Common sense should prevail!

Of course, this is a ridiculous frankly stupid deal. Will FB *ever* get $1B of value out of this? Of course not! If they are lucky, maybe a small fraction.

There are (should be!) a lot of questions about why and how this could have happened. A lot had to do with personal relationships, etc. And, we will probably never know exactly why this could have even been on the table to begin with. I'm not sure I'd like to know.

But, it's clear it makes FB and Zuckerberg look really naive (and dangerous for future shareholders), and that this 18-month old company with no revenues was the world's biggest recipient of pork-barrel-aid.

This follows on the heals of deals like the Groupon IPO which has already proved to be a major Wall Street/Silicon Valley insider scam.

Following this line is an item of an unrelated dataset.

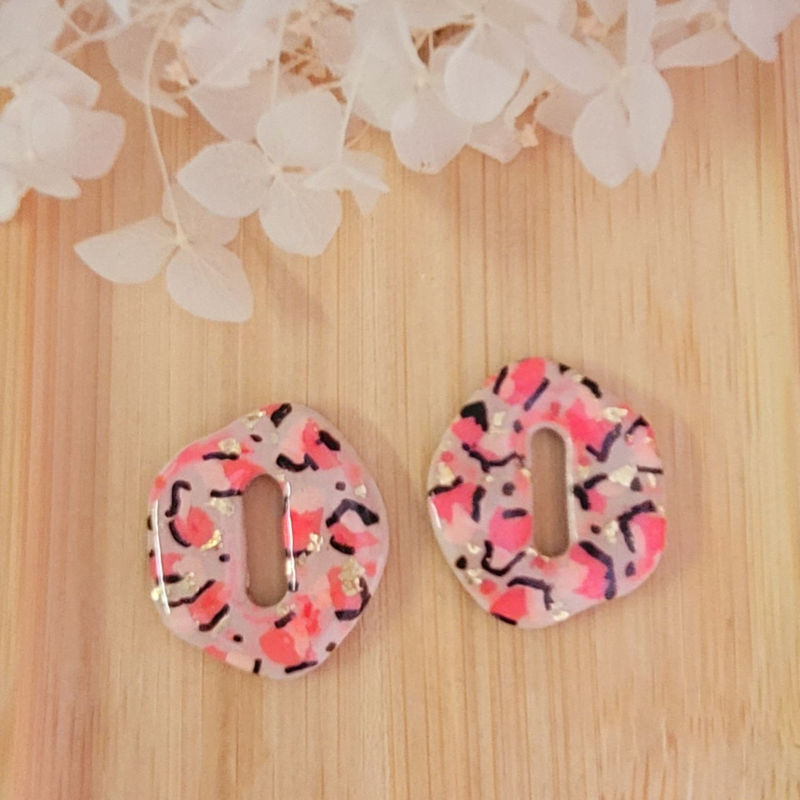 Boucles d'oreilles créole dorée et pampille Bora réversible léopard rose doré et paillette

These kinds of deals *only* benefit the deal originators, and never the public shareholders. Groupon will implode. This deal will never make sense. Only the architects will benefit.

This BS has to stop. For all the millions of hard-working, smart, dedicated - but not connected - people out there busting their assess to start and grow valuable, legitimate businesses, this kind of rubbish just makes it harder.

The media can't dance around this, either. Call it what it is! Don't speculate or ruminate on it's validity when it clearly doesn't make sense, and stop perpetuating this myth that these out-of-the-park deals are the way things are, and what we should all be aspiring to or just hang it up.

Bubble potential, indeed.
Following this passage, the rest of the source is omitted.